## THE INPUT
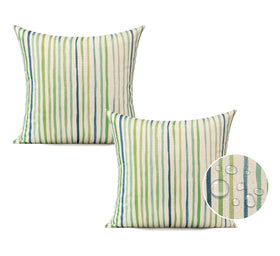 All Smiles Sunbrella waterproof pillow cover for porch decor and outdoor seating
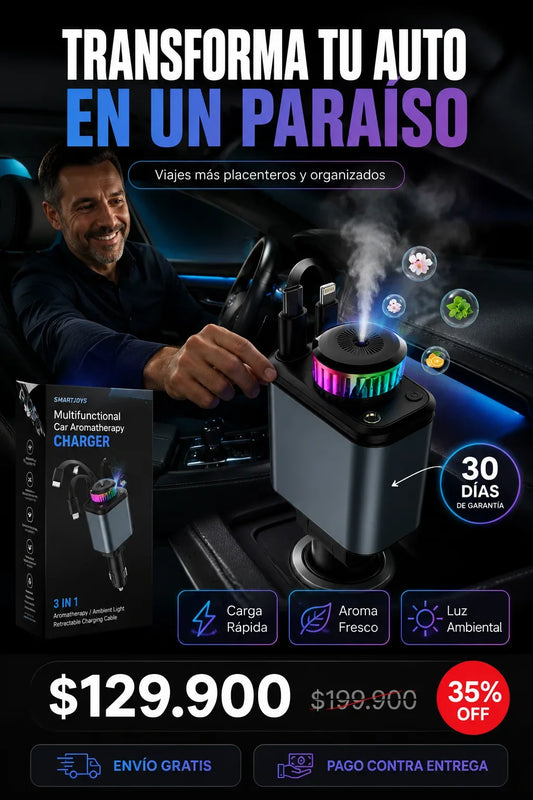 Modulador Cargador Aromatizante Carro Tc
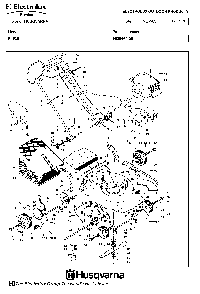 Product Complete Diagram and Parts List for R153S 9538465-09, 2004-03 Husqvarna Lawn Mower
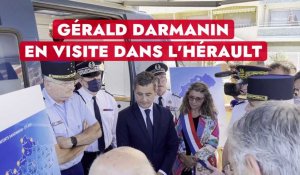 Hérault : le ministre de l'Intérieur Gérald Darmanin a passé en revue les renforts de sécurité de l'été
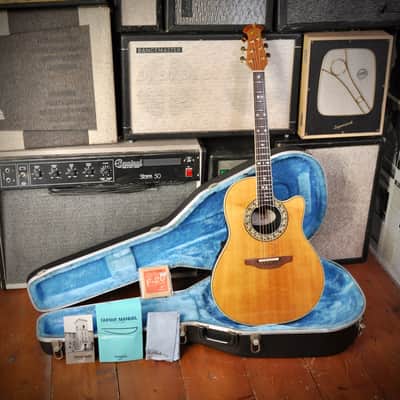 ギター Ovation 1867Legend Super Shallow Cutaway Ovation 1867 Legend Super Shallow Cutaway Natural 1990 | Reverb
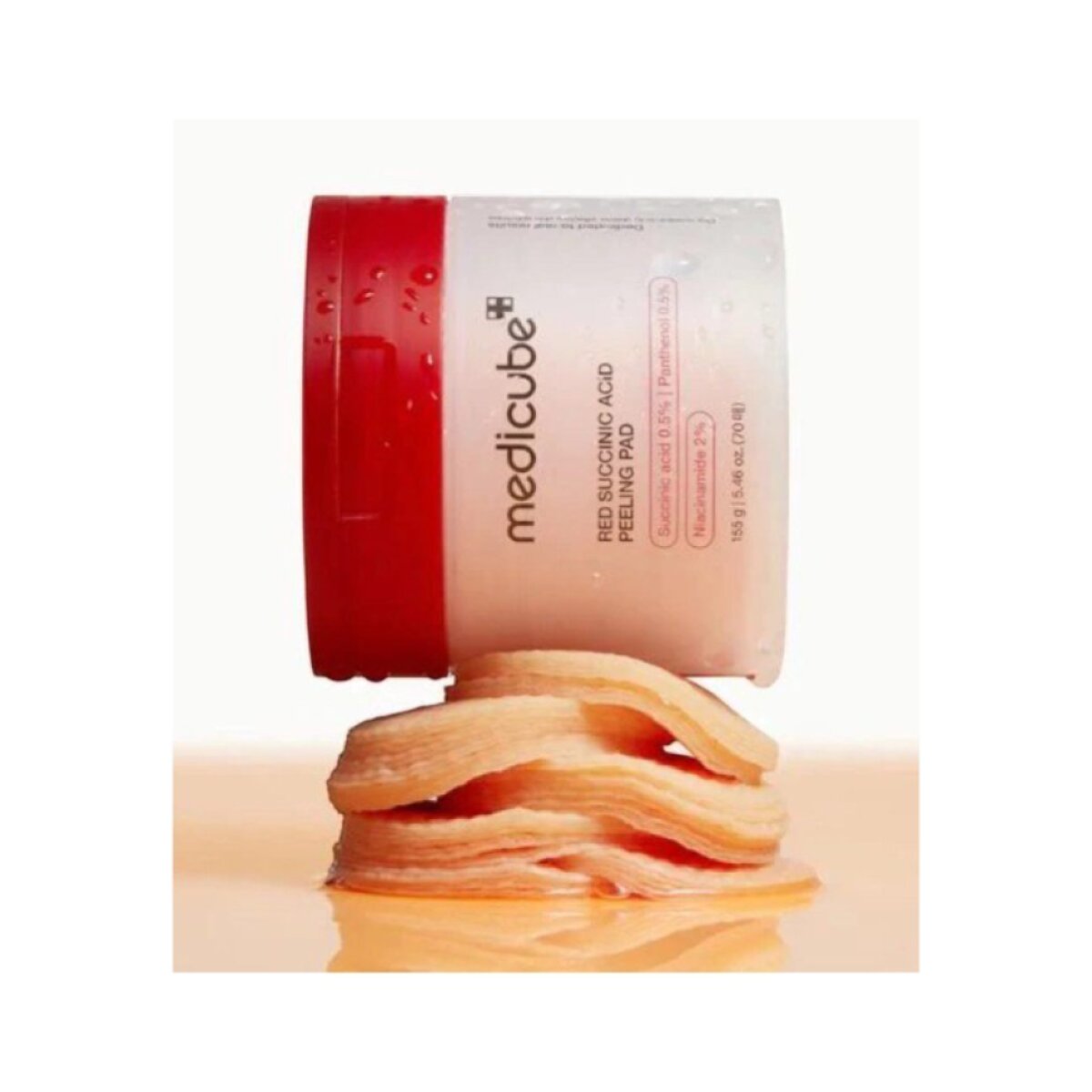Medicube - Red Succinic Peeling Pad - Červené peelingové tampónky - 70 ks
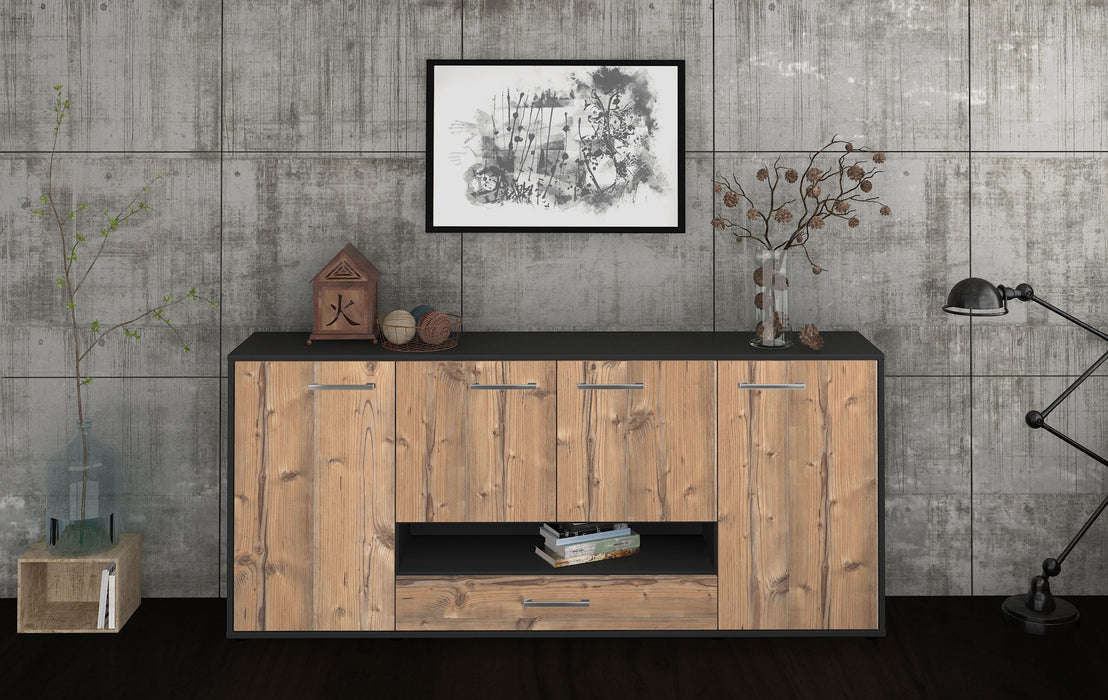 Sideboard Felicitas, Pinie Studio (180x79x35cm) - Dekati GmbH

## EXERCISE DESCRIPTION
Repeat the lines of the records verbatim, starting at the line containing "ギター Ovation 1867Legend" and stopping after the final line. Images stay out.

## SOLVED PROBLEM
 ギター Ovation 1867Legend Super Shallow Cutaway Ovation 1867 Legend Super Shallow Cutaway Natural 1990 | Reverb
Medicube - Red Succinic Peeling Pad - Červené peelingové tampónky - 70 ks
 Sideboard Felicitas, Pinie Studio (180x79x35cm) - Dekati GmbH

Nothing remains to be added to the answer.